A p-value is one of the most used and most misread numbers in all of statistics. Most students can recite "if p is less than 0.05, reject the null" without being able to say what the p-value actually measures. By the end of this guide you will be able to define a p-value precisely, spot the three classic misinterpretations, and explain a result in plain language.

What a P-Value Actually Measures

A p-value answers one narrow question: if the null hypothesis were true, how surprising is the data you collected?

More precisely, the p-value is the probability of observing a result at least as extreme as your sample result, assuming the null hypothesis is true. The phrase "at least as extreme" matters — it includes your observed outcome and every outcome further from the null in the direction your test is checking.

Here is a concrete case. A coin is claimed to be fair (the null hypothesis: probability of heads = 0.5). You flip it 20 times and get 16 heads. The p-value is the probability of getting 16 or more heads (for a two-sided test, 16 or more or 4 or fewer) in 20 flips of a genuinely fair coin. That probability works out to about 0.012. So if the coin really were fair, a result this lopsided would happen only about 1.2% of the time.

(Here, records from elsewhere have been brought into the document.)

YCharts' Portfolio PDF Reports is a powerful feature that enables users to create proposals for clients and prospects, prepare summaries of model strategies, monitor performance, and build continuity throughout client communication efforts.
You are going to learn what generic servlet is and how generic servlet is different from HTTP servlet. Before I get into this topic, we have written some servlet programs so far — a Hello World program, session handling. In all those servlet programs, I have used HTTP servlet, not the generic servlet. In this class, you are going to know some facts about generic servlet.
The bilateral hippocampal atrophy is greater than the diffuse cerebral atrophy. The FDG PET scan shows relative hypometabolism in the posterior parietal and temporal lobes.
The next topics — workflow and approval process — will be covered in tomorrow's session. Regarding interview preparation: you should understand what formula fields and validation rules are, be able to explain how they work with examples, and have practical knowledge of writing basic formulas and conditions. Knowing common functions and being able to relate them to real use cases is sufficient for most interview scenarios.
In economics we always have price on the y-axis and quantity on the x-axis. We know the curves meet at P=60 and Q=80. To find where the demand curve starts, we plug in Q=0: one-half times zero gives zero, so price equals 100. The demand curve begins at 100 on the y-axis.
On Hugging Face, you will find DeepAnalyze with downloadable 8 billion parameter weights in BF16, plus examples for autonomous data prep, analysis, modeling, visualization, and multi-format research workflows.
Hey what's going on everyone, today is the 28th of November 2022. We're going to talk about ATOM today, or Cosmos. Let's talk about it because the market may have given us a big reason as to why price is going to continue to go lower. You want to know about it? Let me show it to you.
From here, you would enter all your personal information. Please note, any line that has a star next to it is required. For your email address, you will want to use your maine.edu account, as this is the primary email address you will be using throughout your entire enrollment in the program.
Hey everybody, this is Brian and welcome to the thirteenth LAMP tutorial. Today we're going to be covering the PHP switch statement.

A small p-value means your data would be unusual under the null. That is evidence against the null. A large p-value means your data is unremarkable under the null — no contradiction, so no reason to abandon it.

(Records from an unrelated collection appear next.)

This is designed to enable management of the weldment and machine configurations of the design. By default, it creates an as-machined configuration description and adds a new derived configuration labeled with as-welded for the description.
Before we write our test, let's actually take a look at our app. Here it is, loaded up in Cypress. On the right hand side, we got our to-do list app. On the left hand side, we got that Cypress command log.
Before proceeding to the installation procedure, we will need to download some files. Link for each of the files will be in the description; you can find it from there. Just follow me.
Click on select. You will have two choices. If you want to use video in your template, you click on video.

A single coin mid-flip casting a long shadow on a plain surface
A p-value asks how surprising your data would be if the null hypothesis were true.

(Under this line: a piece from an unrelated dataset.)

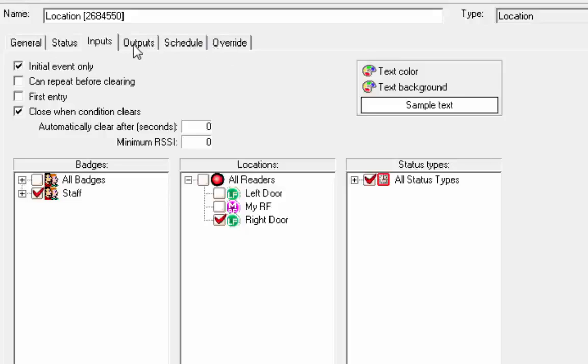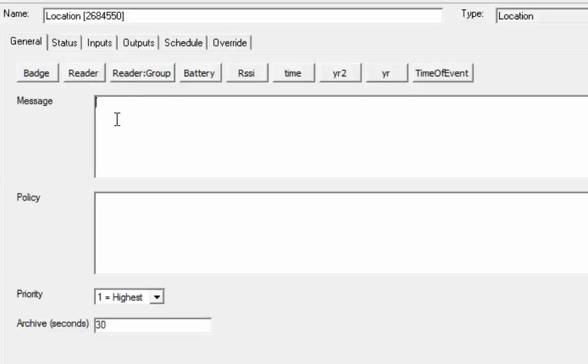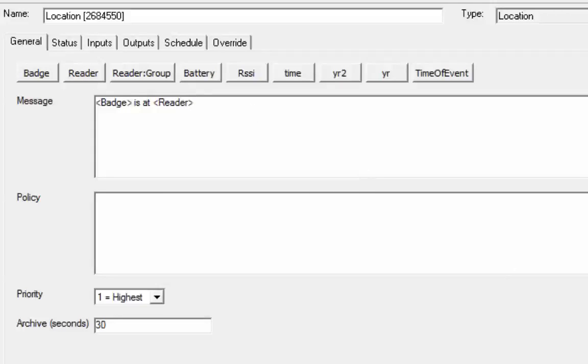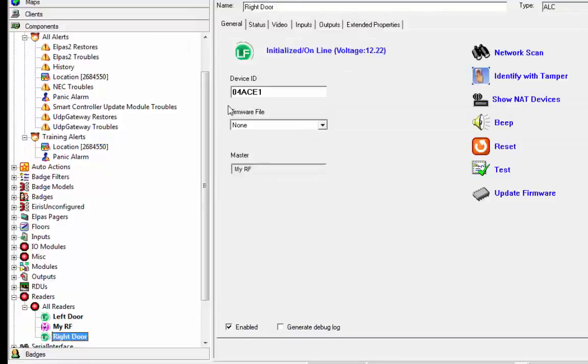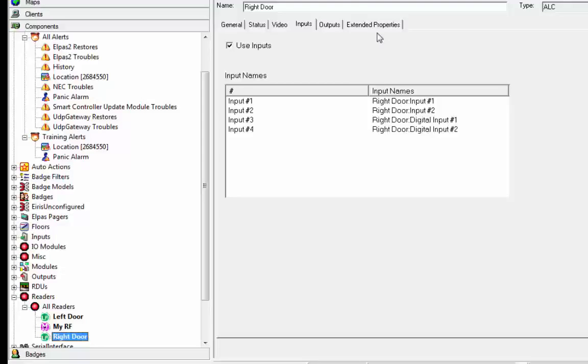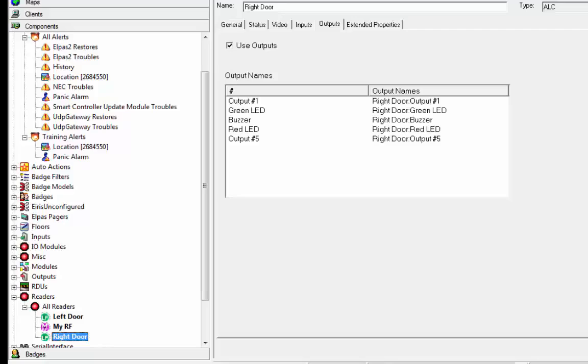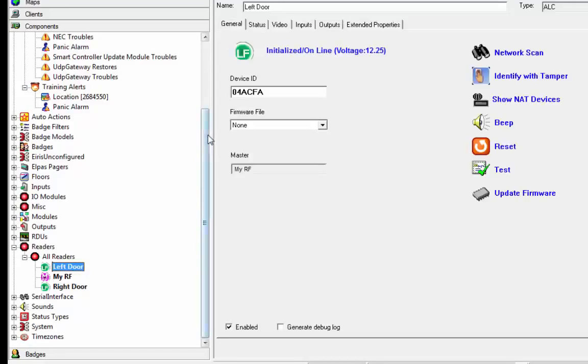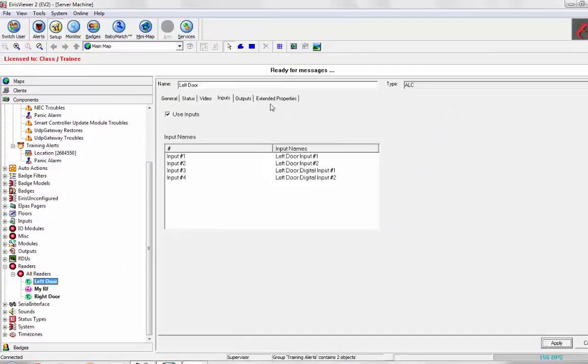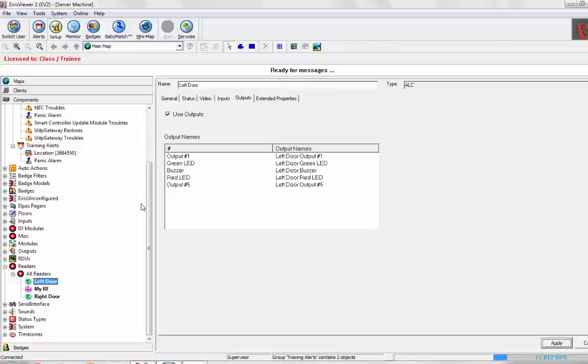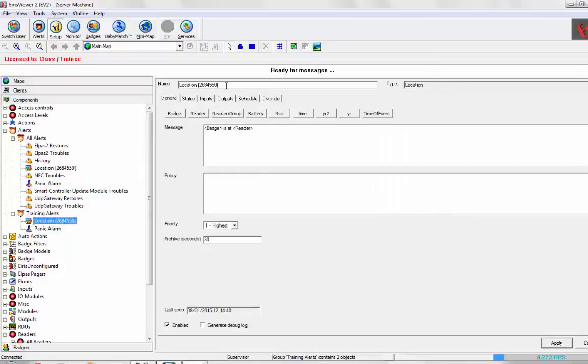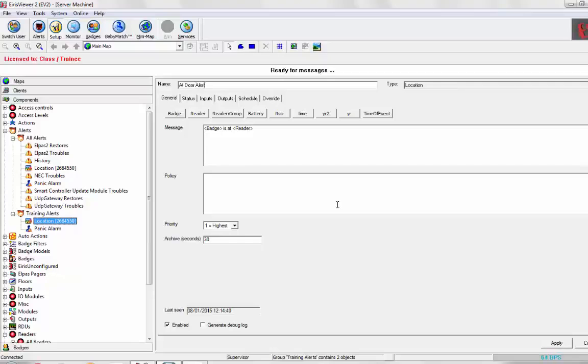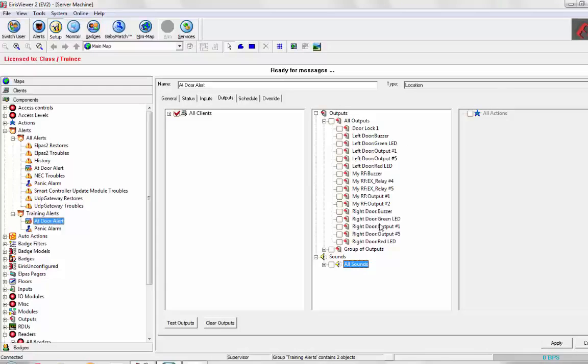In order to do outputs, of course, I want to send it to the clients. We're going to make a little message here that badge is at reader. In addition to that, I want to go to my readers and be able to access the inputs and outputs of these devices. So I'm going to go to readers, go to the right door and say use inputs and go to the outputs and use outputs. So I now can access the outputs of these devices. Let's do the same thing for the left. Use inputs and use outputs. The truth is I don't need the inputs yet. Now, when I go back to my alert, my location, we're going to do at door alert.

The Three Things a P-Value Is Not

The misinterpretations below are so common that exam questions are written specifically to catch them.

It is not the probability that the null hypothesis is true. A p-value of 0.012 does not mean there is a 1.2% chance the coin is fair. The p-value is computed assuming the null is true — it cannot then turn around and tell you the probability of that assumption. The null is either true or it is not; the p-value is a statement about data, not about the hypothesis.

It is not the probability your result happened by chance. Every result in a random sample involves chance. The p-value does not measure "how much luck was involved." It measures how well the data fits one specific model of the world — the null model.

It is not a measure of effect size. A tiny, trivial difference can produce a very small p-value if your sample is large enough. P-values shrink as sample size grows, so "p < 0.001" tells you the effect is detectable, not that it is large or important. A statistically significant result can still be practically meaningless.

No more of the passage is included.